WAITSBURG–"Not too many kids from Prescott are able to say they spent their nineteenth birthday in Tokyo, Japan," Jack McCaw, 96, said recently in recalling where he was and what he was doing during those events at the conclusion of World War II in August, 1945.

McCaw joined the service upon reaching his eighteenth birthday in March, 1945, and found himself aboard an LSM (landing ship, medium), in the Pacific Theater. He and a couple classmates from the Prescott High School Class of 1945 missed graduation; Jack's mother Katherine McCaw collected his diploma in his absence.

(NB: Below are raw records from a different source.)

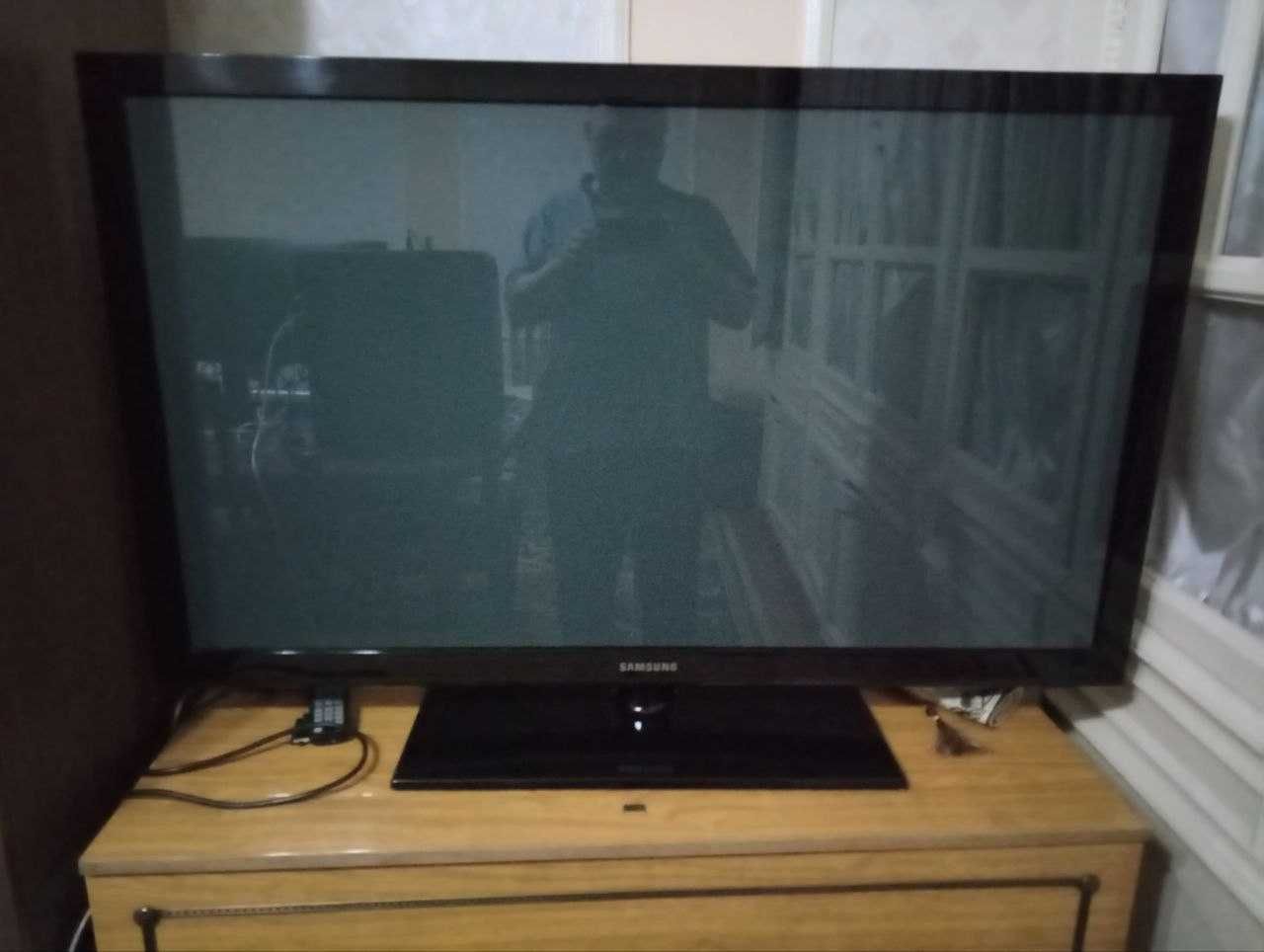 Телевизор Samsung плазма 50 дюйм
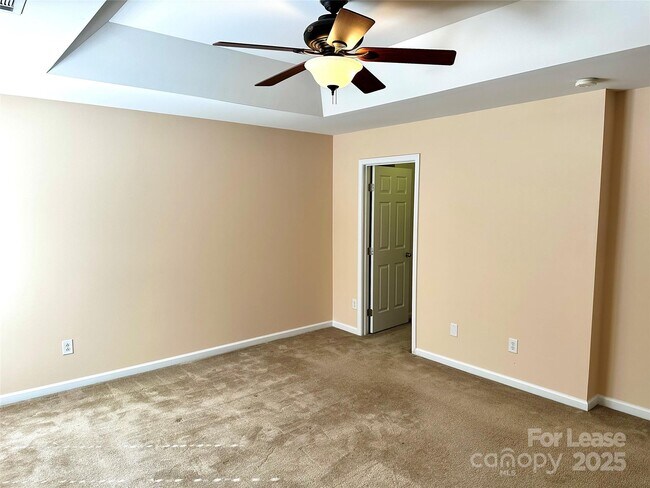 Building Photo - 7946 Mariners Pointe Cir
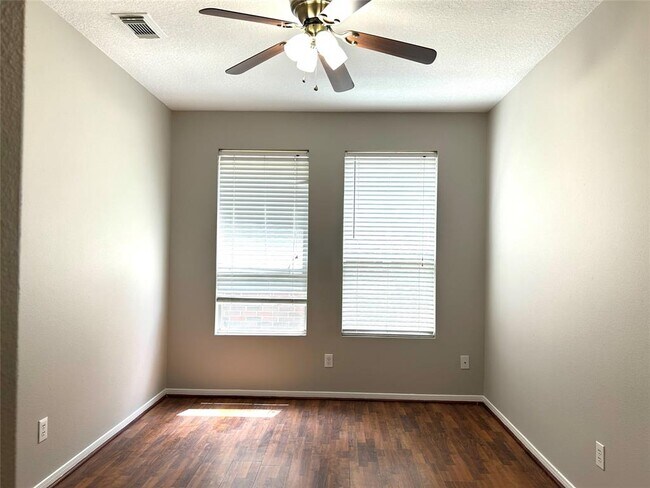Building Photo - 18562 Carousel Creek Ct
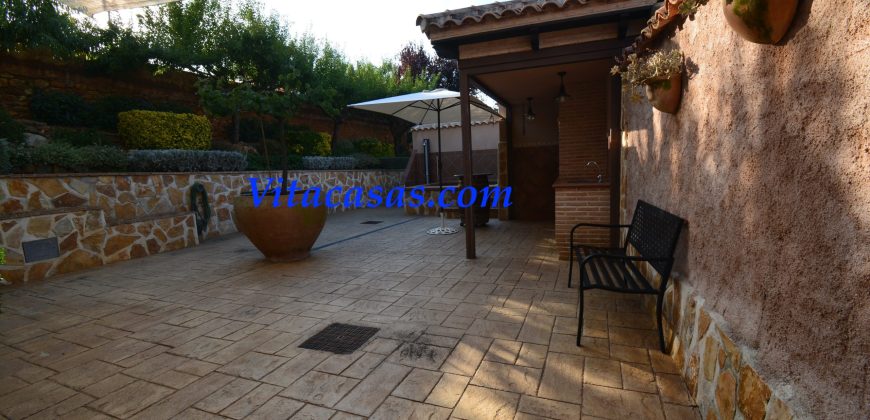 LA CASONA DE ROBLEDILLO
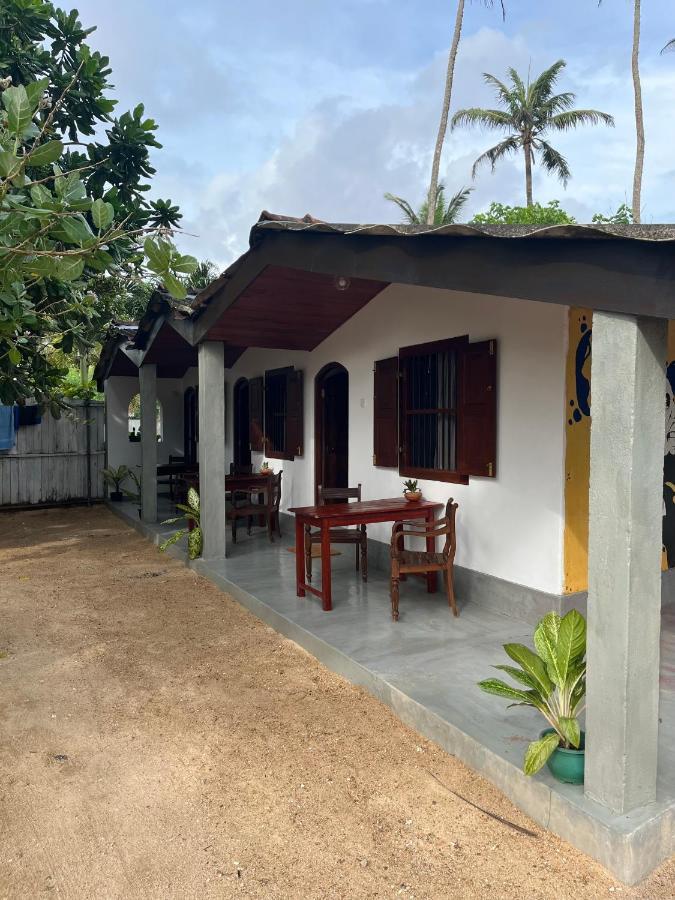 Sabine Holiday Resort And Restaurant Matara Exterior foto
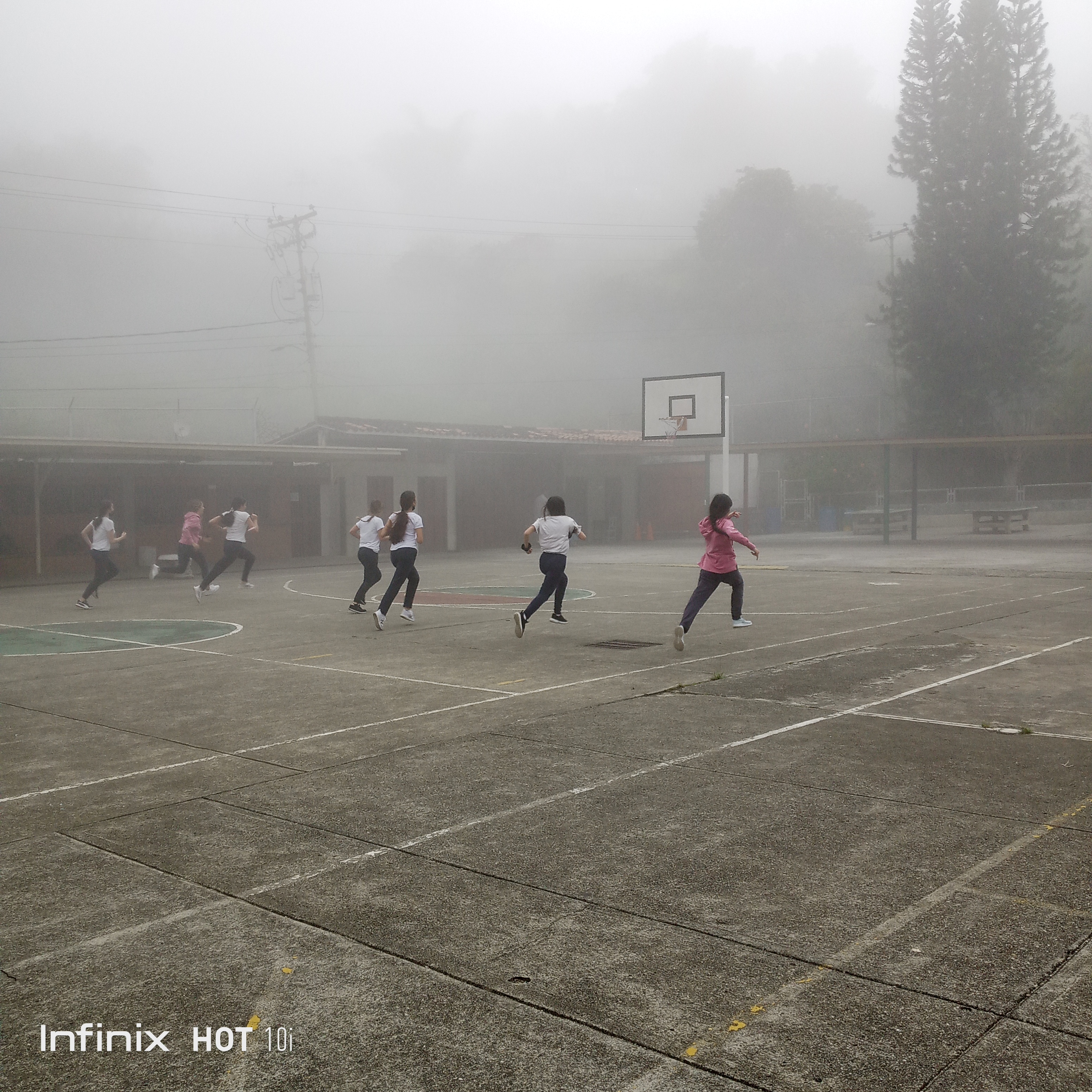 Día de neblina en MATER DEI... Pero ¡ACTIVOS!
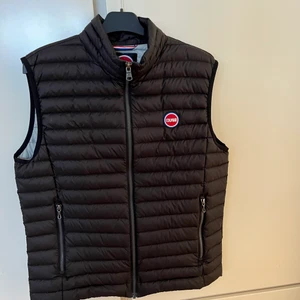 Colmar väst - Svart Colmar väst i nyskick! Köpt på johnells och inte använd mycket. Storlek 50/ ungefär M! Skicka pm för mer info och bilder!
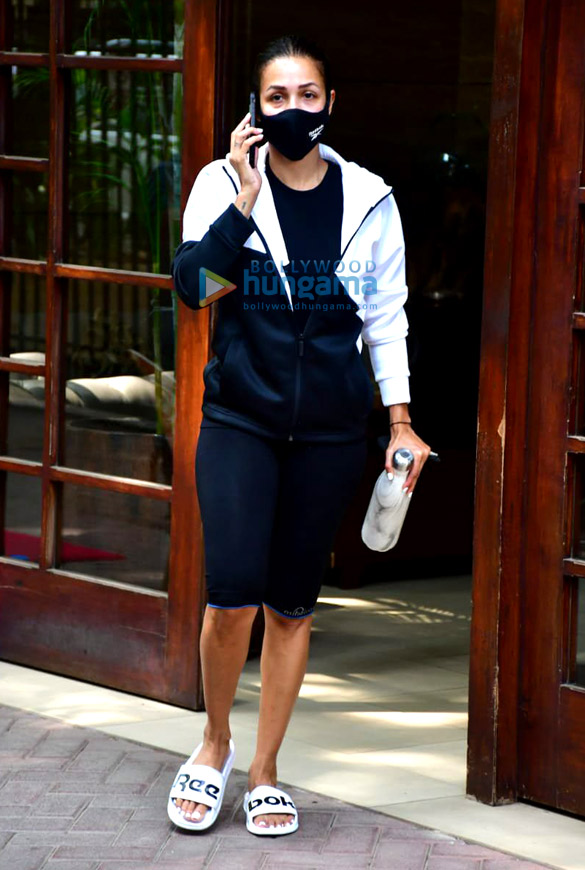 photos malaika arora spotted in bandra 2 15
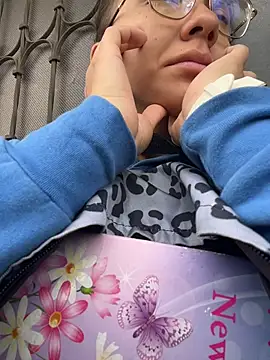 karlamorris  online show from April 13, 2026, 1:05 pm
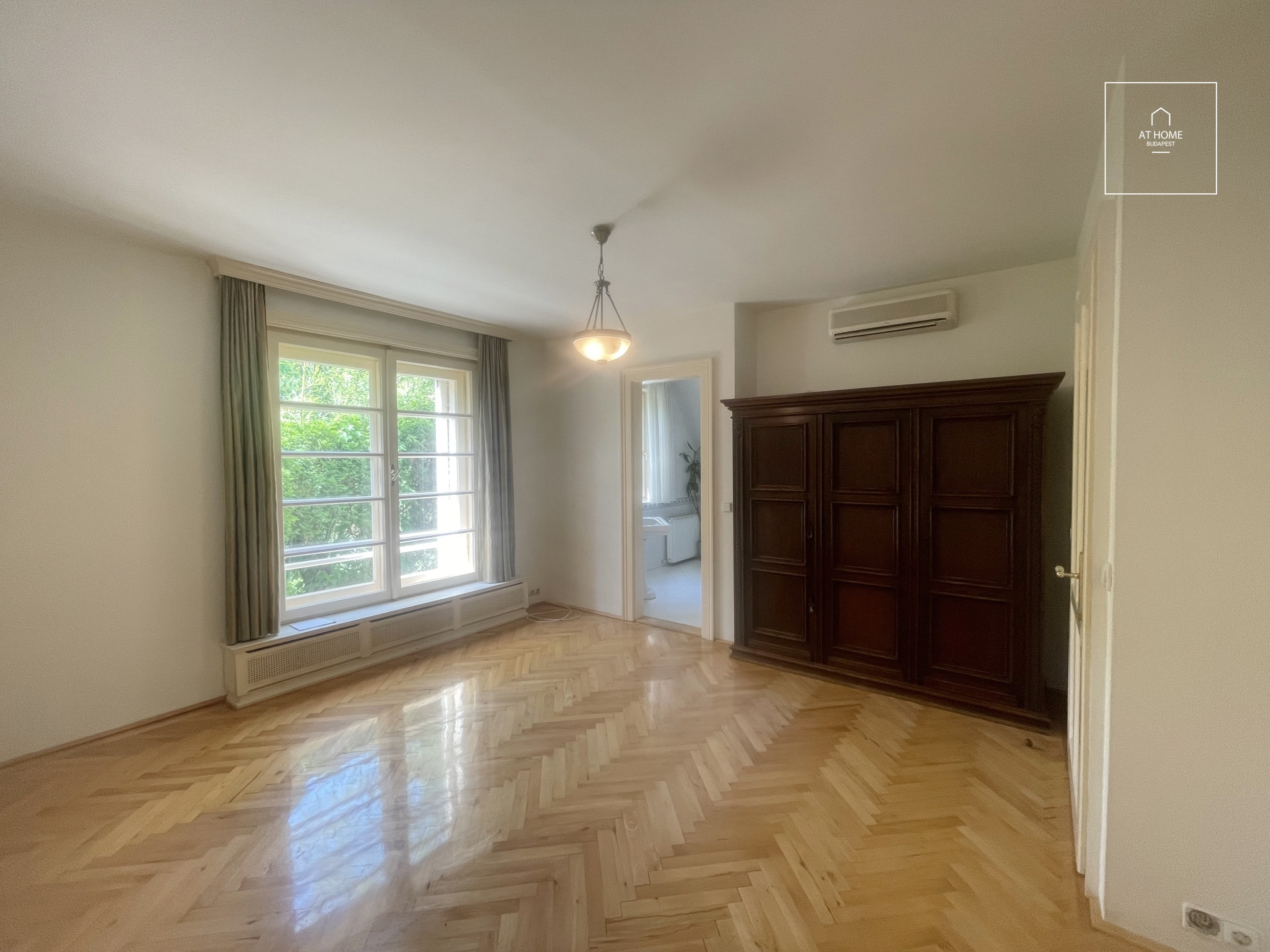 Hangulatos, felújított villa Budapest 2. kerületében, Törökvészen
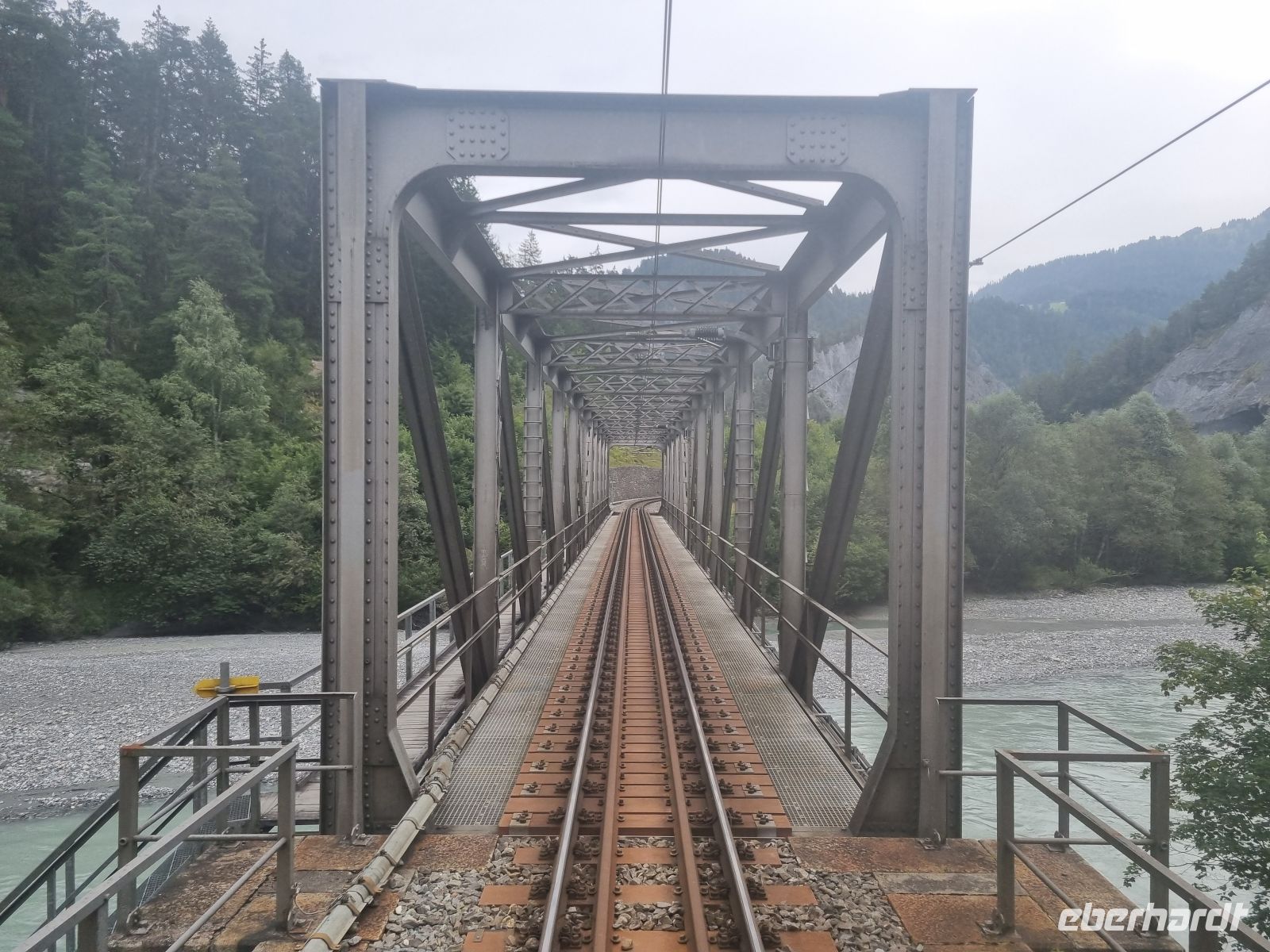 Fahrt mit dem Glacier-Express (entlang des Vorderrheins...)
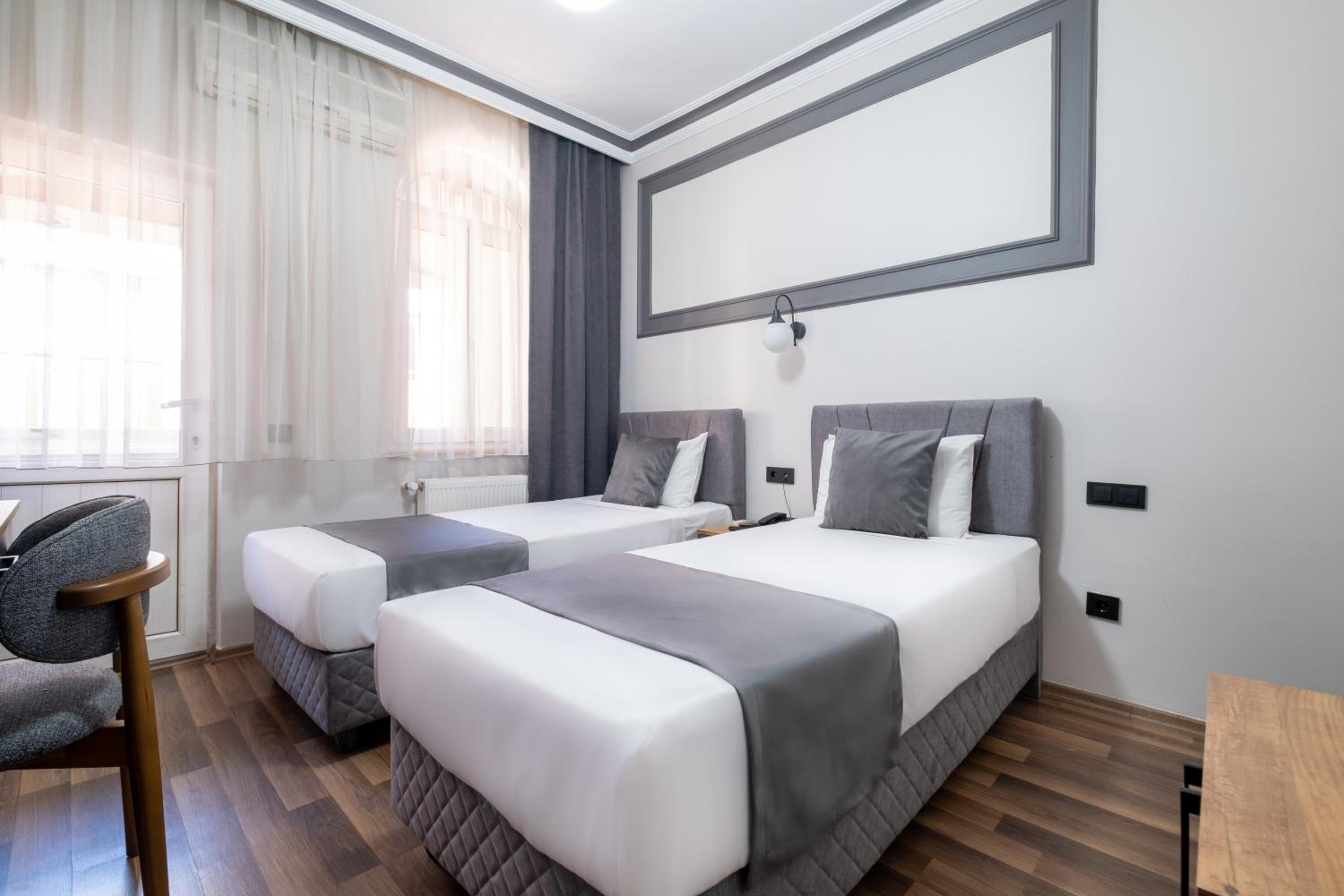 Double Room with Balcony photo 2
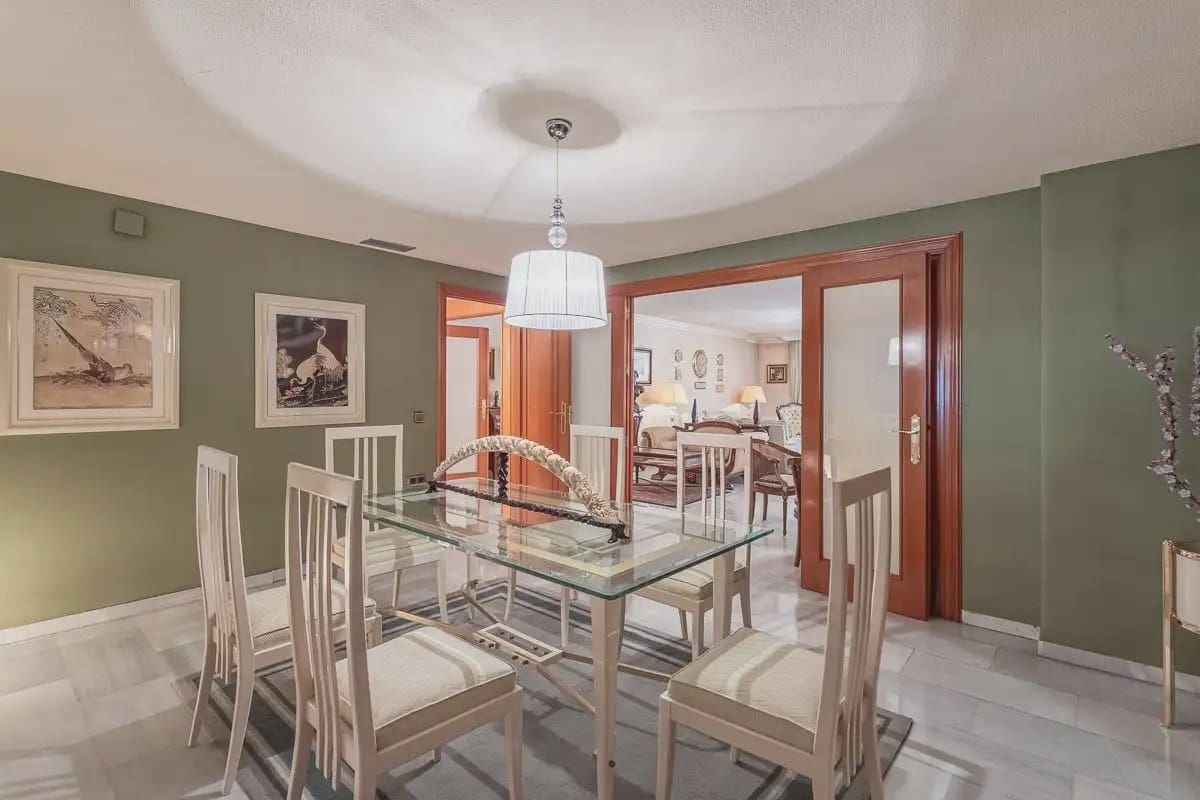 Wohnung zu verkaufen in Granada Stadt mit Pool Garage - 1.360.000 € (Ref: 9837141)
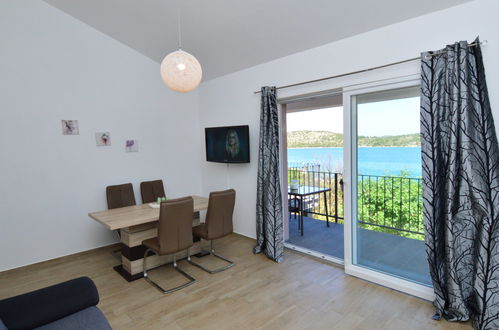 Foto 16 - Apartment mit 1 Schlafzimmer in Sibenik mit blick aufs meer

His father, Jay McCaw, delivered him to the train depot in Walla Walla and he took basic training on Coronado Island, San Diego, Calif.

He attended engine school then was transported across the Pacific Ocean on a steamer, where he attached to LSM 368 in June or July of 1945. The Navy needed an engine man on LSM 159 for a spell, then he was transferred to LSM 80.

McCaw credits President Truman's decision to use the atom bomb as playing a large role in his future. "If we hadn't dropped the bomb and we'd invaded Japan," McCaw said, "the predicted 1.2 million American casualties and 8 million Japanese casualties. Truman saved a hell of a lot of people."

During the occupation, McCaw's LSM pulled alongside another ship and McCaw looked up to see Bobby Estes of Waitsburg looking down at him. "I said 'what the hell are you doing here?' and he said 'what the hell are you doing here?'"

On returning to the United States, McCaw's ship departed from Subic Bay, the Philippines, and sailed beneath the Golden Gate Bridge on its way into port.

McCaw is well known in the Touchet Valley and has been an annual fixture in the Touchet Valley Arts Council Fall musicals through the years. His trademark is breaking the "fourth wall" with a boisterous "Go Navy!" at some point in many of the plays.